2000
#10,460
National surname rank
First available Census row
An Italian occupational surname referring to a carder of wool or a wool comber.
According to the 2020 US Census Bureau surname tables, roughly 2,971 Americans carry the last name Cardone. That puts it at #11,598 in the national surname ranking, appearing at a frequency of 0.87 per 100,000 people (about 1 in 115,367 residents).
This page is the full Name Census profile for the Cardone surname. You will find the Census Bureau frequency data, a multi-census history view, an ancestry and ethnicity breakdown based on self-reported demographics, the name's meaning and origin where available, and answers to the most common questions people ask about this surname.
Bearers in the US
3.0K
1 in 115,367
Census rank
#11,598
2020 decennial data
Per 100,000
0.9
Frequency rate
Recorded bearers
2.6K
rare in the US
Popularity narrative
The Census Bureau recorded 2,591 bearers of the surname Cardone in its 2020 decennial surname file. At a rate of 0.87 per 100,000 residents, it holds the 11598th position in the national surname ranking.

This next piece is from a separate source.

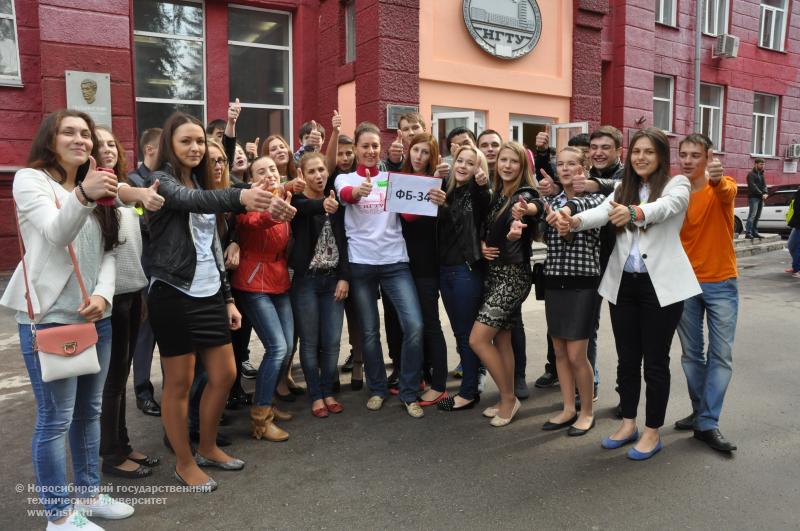 02.09.13     «Первый день новой жизни» первокурсников НГТУ , фотография: В. Кравченко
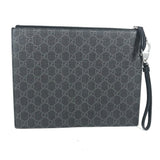 Gucci Clutch bag 547084 GG Supreme canvas, leather black GG Supreme BESTIARY unisex(Unisex)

Among Census respondents with the surname Cardone, the largest self-reported group is White at 89.7%. The next largest groups are Hispanic (7.3%) and Two or More Races (1.9%).
Origin
The surname Cardone has its origins in Italy, specifically in the regions of Campania and Calabria. It is believed to have derived from the Italian word "cardone," which means "thistle" or "artichoke." This suggests that the name may have initially been a nickname or an occupational name for someone who worked with or cultivated thistles or artichokes.
One of the earliest recorded instances of the surname Cardone can be found in the 16th century in the town of Salerno, located in the Campania region of southern Italy. It appears in various municipal records and documents from that time period, often with slight variations in spelling, such as Cardoni or Carduone.
During the 17th century, the Cardone family established themselves as prominent landowners and nobility in the town of Lauria, located in the province of Potenza, Basilicata. Several members of the family held influential positions within the local government and church hierarchy.
A notable figure bearing the Cardone surname was Giambattista Cardone (1508-1571), an Italian jurist and writer from Naples. He authored several legal treatises and was a respected scholar in his time.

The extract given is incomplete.